Note that this is also useful for many-to-many relationships that have a named intermediary. For instance, the relationship between a book and a library might be represented as an Acquisition that links a book and a library and additionally lists a date the book was purchased. In this case the dataloader for book -> acquisition is one-to-many, the dataloader for library -> acquisition is one-to-many, and for book -> library the developer has the option of chaining book -> acquisition -> library or creating a new many-to-many dataloader that uses a database join to save a round trip (see the "Many-to-Many-Joined" section below).

Options

The OneToManyLoader constructor accepts the following inputs. All of the *-to-many patterns accept the same options, except as specifically noted in their section of the documentation.

const myOneToManyLoader = new OneToManyLoader<KeyType, ObjectType, FilterType>({
  // accept arbitrary foreign keys and arbitrary arguments and return results
  // the keys MUST appear in the result objects so that your
  // extractKey function can retrieve them
  // see PrimaryKeyLoader options for discussion of context parameter
  fetch: async (keys: KeyType[], filters: FilterType, context) => ObjectType[] // required

  // function that can pull the foreign key out of the result object
  // must match the type of the keys you're using in your fetch function
  extractKey: (item: ObjectType) => item.authorId // required

  // advanced usage only, covered later in this readme
  matchKey: (key: KeyType, item: ObjectType) => boolean

  // generated dataloaders will not keep a cache, batch only
  skipCache: false

  // maxBatchSize to be passed to each DataLoader
  maxBatchSize: 1000

  // cacheKeyFn to be passed to each DataLoader, default is fast-json-stable-stringify
  // which should be good for almost any case
  cacheKeyFn: (key: KeyType) => stringify(key)

  // specify one or more primary key loaders and they will automatically
  // be primed with any results gathered
  // NOTE: if the above fetch function returns result objects that differ from those of
  // the specified loader(s), it's going to cause you problems
  idLoader: PrimaryKeyLoader|PrimaryKeyLoader[],
})

Note that KeyType can be anything serializable, so you can use arrays or objects for any compound keys you may have.

Many-to-Many DataLoaders

For DataLoaderFactory, the Many-to-Many pattern is split into two use-cases: one targeted at document-oriented databases like MongoDB (this section), another for relational databases like MySQL or Oracle (see the next section, "Many-to-Many-Joined").

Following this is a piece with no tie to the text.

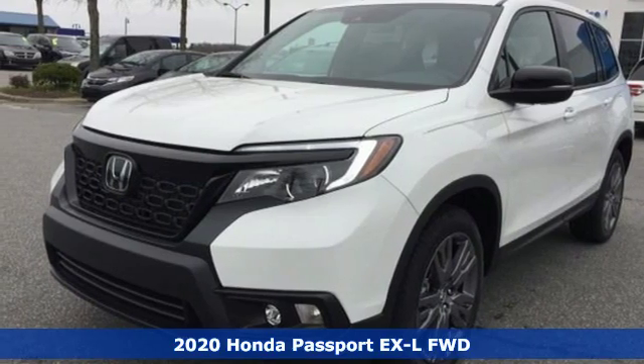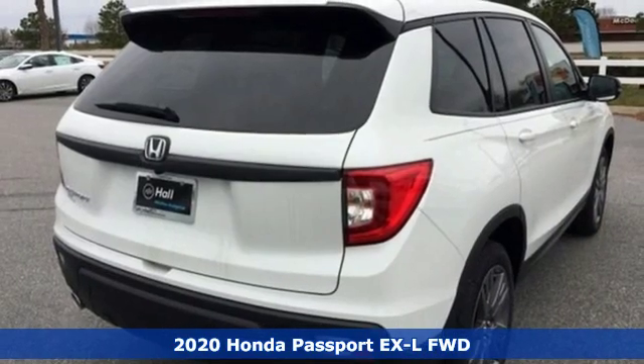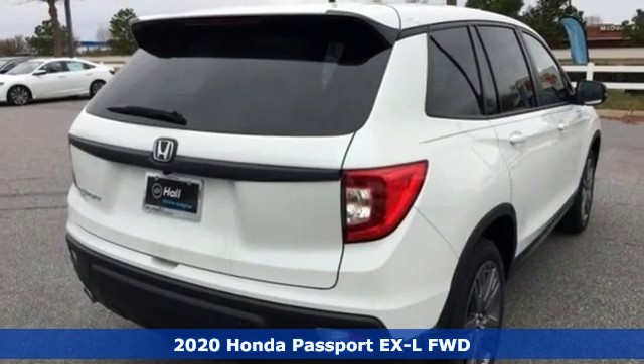Here's a new 2020 Honda Passport. Honda's created some of the most admired vehicles on the planet.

In document-oriented databases a typical pattern for a simple many-to-many relationship is to store an array of keys inside one of the documents. For instance, a book might be represented like this:

{
  id: 1,
  title: 'Great American Novel',
  genreIds: [1,3,8]
}

The Book.genres resolver is trivial, you can use the primary key loader with your genres array. However, Genre.books requires a special treatment from DataLoaderFactory that asks you for extractKeys instead of extractKey (all other options are identical):

import { ManyToManyLoader } from 'dataloader-factory'
const booksByGenreIdLoader = new ManyToManyLoader({
  fetch: async genreIds => {
    // this example is for mongodb client
    return db.collection('books').find({ genreIds: { $in: genreIds } }).toArray()
  },
  extractKeys: book => book.genreIds
})

and the resolver

export const genreBooksResolver = (genre, args, context) => {
  return context.dataLoaderFactory.get(booksByGenreIdLoader).load(genre.id)
}

Note that it is also possible to use a named intermediary in document-oriented databases. Depending on the database, you may still find the Many-to-Many-Joined pattern useful in those cases.

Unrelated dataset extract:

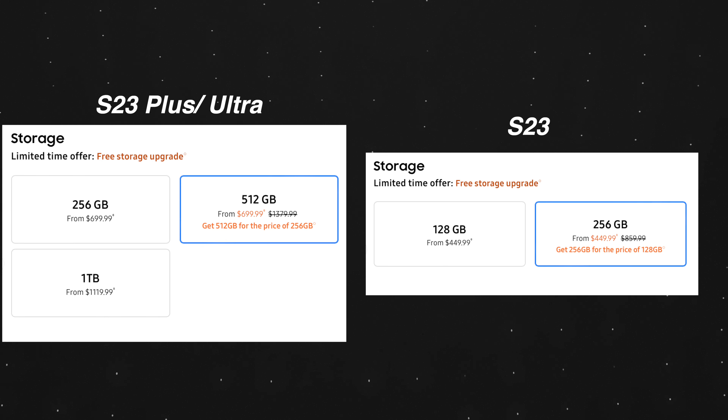Imagine buying a 128GB S23, unboxing it excited, and realizing you only have half the storage. Thankfully, if you pre-ordered the phone — and you still have time — Samsung is doubling your storage. I'll have an exclusive link down below for you to check out.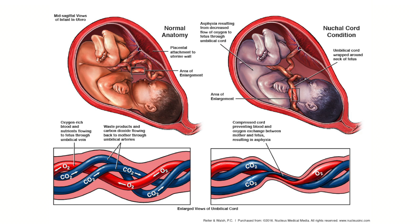A nuchal cord is basically an umbilical cord wrapped around the baby's neck inside the mom. The umbilical cord is the baby's lifeline — it provides oxygen and nutrients to the baby so the baby can live inside the mom while it's growing. A nuchal cord means that the umbilical cord is wrapped around the baby's neck.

Many-to-Many-Joined DataLoaders

It is technically possible to handle SQL many to many relationships with the OneToManyLoader, like this:

import { OneToManyLoader } from 'dataloader-factory'
const booksByGenreIdLoader = new OneToManyLoader({
  fetch: async genreIds => {
    const books = await db.get(`
      SELECT b.*, bg.genre_id as genreId
      FROM books b
      INNER JOIN books_genres bg ON b.id = bg.book_id
      WHERE bg.genre_id IN (${genreIds.map(id => '?').join(',')})`)
    return books
  },
  extractKey: book => book.genreId
})

This will work but it means the book object being passed to the rest of your code has a genreId property that doesn't really belong there. This is especially annoying when using Typescript as you need to create a new interface like BookWithGenreId to represent this not-quite-a-book object.

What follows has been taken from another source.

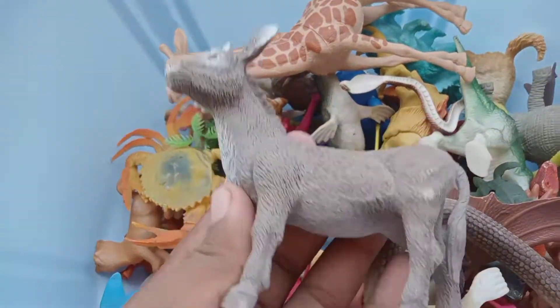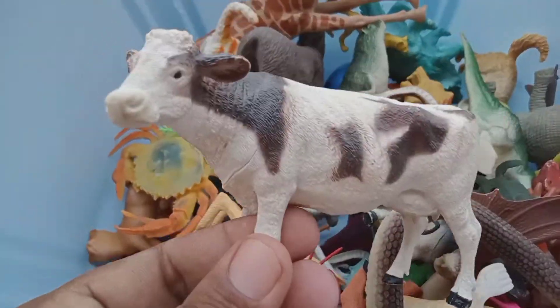Hello guys, welcome to my new video! Donkey, cow.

Luckily DataLoaderFactory provides a cleaner pattern with ManyJoinedLoader:

import { ManyJoinedLoader } from 'dataloader-factory'
const booksByGenreIdLoader = new ManyJoinedLoader({
  fetch: async genreIds => {
    const books = await db.get(`
      SELECT b.*, bg.genre_id as genreId
      FROM books b
      INNER JOIN books_genres bg ON b.id = bg.book_id
      WHERE bg.genre_id IN (${genreIds.map(id => '?').join(',')})`)
    return books.map(row => ({ key: row.genreId, value: new Book(row) }))
  }
})

You no longer provide an extractKey function because you return it with each row. DataLoaderFactory will use the key you provide to put the data back together and then discard it, returning only the pristine Book from the value field back to the .load() call in your resolver.

Parameter-based filtering

Now we get to the part where this library can really save your bacon. Consider the following GraphQL query:

{ authors { books(genre: "mystery") { title } } }

Without dataloader-factory, the typical pattern for the authors.books dataloader looks like this:

const booksByAuthorId = new DataLoader(async (authorIds) => {
  const books = await db.query(
    `SELECT * FROM books WHERE authorId IN (${authorIds.map(id => '?').join(',')})`
  , authorIds)
  const bookMap = lodash.groupBy(books, 'authorId')
  return authorIds.map(id => bookMap[id] || [])
})

Easy so far, but adding the genre: "mystery" filter is not obvious and can be very confusing to implement. You can only batch on one key at a time, so how are you supposed to batch when you have both an authorId and a genre to filter with?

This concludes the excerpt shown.